PAUL KRUGMAN writes:
Let me make a broader point: we’ve now seen three island nations around Europe become huge international banking hubs relative to their GDPs, then get into crisis because their domestic economies don’t have the resources to bail out those metastasized banking systems if something goes wrong. This strongly suggests, to me at least, that we have a fundamental problem with the whole architecture (to use the preferred fancy word) of international finance...
All of which raises the question, is the era of free capital movement just a bubble, fated to end one of these years, maybe soon?
Hm. Well, the world's second largest economy maintains very tight controls over capital flows. The third largest economy is actively engaged in managing its currency. The sixth-largest economy has used capital controls to limit appreciation of its currency. Many of the world's other large economies are part of a monetary union actively experimenting with a handful of financial-repression mechanisms. The International Monetary Fund has taken the official position that the use of capital controls may be warranted as a financial stability tool. And so on. I would say that the era of free capital mobility is definitely on life-support.

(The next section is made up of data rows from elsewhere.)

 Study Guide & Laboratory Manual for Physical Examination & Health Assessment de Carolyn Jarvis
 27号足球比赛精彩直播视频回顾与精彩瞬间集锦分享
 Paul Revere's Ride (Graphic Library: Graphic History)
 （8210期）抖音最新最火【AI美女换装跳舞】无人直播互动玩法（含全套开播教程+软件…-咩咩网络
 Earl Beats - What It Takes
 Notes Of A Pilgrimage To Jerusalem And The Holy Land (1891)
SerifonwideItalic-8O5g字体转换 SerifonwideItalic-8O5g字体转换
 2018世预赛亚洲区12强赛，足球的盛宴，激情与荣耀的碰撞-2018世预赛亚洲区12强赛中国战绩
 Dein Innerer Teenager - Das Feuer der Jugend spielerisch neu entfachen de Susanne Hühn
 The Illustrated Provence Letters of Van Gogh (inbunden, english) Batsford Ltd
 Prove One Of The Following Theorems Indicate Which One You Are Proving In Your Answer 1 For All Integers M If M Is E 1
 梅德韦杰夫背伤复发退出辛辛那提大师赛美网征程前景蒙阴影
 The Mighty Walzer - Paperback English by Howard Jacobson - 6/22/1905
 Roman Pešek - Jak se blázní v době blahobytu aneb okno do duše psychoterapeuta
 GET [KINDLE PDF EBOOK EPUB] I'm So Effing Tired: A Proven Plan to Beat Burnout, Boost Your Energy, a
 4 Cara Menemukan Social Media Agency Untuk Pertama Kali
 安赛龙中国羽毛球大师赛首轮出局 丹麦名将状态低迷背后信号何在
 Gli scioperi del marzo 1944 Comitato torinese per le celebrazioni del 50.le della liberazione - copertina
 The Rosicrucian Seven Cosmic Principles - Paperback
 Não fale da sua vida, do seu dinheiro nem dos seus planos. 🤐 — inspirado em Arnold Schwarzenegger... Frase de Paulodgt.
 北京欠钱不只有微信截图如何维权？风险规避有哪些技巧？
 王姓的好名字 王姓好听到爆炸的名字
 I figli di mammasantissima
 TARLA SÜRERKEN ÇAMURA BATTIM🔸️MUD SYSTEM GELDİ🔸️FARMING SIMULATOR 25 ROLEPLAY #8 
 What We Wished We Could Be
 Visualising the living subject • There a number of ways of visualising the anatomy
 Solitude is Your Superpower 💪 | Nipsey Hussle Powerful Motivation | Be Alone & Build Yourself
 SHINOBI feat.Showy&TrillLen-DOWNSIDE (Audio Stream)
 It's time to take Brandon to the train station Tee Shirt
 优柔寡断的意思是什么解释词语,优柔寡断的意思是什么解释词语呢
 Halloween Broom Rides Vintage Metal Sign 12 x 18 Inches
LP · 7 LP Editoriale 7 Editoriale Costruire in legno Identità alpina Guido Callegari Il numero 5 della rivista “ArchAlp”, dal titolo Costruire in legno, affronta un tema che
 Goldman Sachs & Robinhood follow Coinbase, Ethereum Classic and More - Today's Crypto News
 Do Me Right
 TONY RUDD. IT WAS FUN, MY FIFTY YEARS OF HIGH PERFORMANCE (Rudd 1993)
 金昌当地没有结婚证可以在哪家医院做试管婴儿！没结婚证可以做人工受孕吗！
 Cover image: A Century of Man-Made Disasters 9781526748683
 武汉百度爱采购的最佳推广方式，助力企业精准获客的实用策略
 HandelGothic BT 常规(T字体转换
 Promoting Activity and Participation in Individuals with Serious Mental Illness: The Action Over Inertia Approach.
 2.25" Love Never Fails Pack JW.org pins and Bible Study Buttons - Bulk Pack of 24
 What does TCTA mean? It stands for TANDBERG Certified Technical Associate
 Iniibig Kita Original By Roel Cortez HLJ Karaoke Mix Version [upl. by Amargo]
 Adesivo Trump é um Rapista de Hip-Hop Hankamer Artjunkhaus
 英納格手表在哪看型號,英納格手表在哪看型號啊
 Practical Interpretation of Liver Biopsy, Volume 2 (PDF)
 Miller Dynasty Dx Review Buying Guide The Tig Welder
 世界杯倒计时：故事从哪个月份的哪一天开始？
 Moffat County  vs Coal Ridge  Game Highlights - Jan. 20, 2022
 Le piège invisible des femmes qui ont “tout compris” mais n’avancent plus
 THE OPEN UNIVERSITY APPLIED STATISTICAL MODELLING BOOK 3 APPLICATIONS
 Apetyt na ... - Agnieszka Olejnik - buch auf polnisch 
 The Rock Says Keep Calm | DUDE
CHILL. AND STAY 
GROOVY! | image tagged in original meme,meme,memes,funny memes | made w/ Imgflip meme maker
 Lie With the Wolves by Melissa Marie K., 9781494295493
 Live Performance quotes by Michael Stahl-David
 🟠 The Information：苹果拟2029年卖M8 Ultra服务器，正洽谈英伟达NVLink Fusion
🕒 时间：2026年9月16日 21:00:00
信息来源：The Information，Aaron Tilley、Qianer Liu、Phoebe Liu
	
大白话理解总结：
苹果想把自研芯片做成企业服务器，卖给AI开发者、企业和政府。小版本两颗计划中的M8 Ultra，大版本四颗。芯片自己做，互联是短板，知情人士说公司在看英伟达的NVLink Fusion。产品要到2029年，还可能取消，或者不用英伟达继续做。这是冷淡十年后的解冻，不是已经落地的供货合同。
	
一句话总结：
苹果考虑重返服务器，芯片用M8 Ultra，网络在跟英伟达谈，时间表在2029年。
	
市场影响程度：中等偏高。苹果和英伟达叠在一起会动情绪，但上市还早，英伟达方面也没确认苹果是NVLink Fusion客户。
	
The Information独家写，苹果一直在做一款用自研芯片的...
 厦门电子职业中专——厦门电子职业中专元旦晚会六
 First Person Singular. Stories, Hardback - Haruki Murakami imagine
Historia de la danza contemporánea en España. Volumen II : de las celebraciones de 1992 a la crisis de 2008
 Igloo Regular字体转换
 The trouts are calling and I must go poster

Now, many of these policies may be designed to be temporary. And China looks interested in gradual liberalisation of its capital controls. But there are two reasons to think that the trend will continue toward less rather than more mobility. One is that a half-open world is probably not a stable equilibrium. Everyone can hold hands and jump into mobility and create a stable equilibrium that way. But as some defect from that equilibrium openness begins to look much less attractive for the others, who may absorb outsize inflows or outflows, or who may bear the brunt of others' currency manipulation. One might argue that open countries will therefore press others to return to the open equilibrium, but that moves us to the second issue: capital flow restrictions will be very useful to countries interested in using a bit of inflation to chip away at high debt levels. And that includes just about everyone.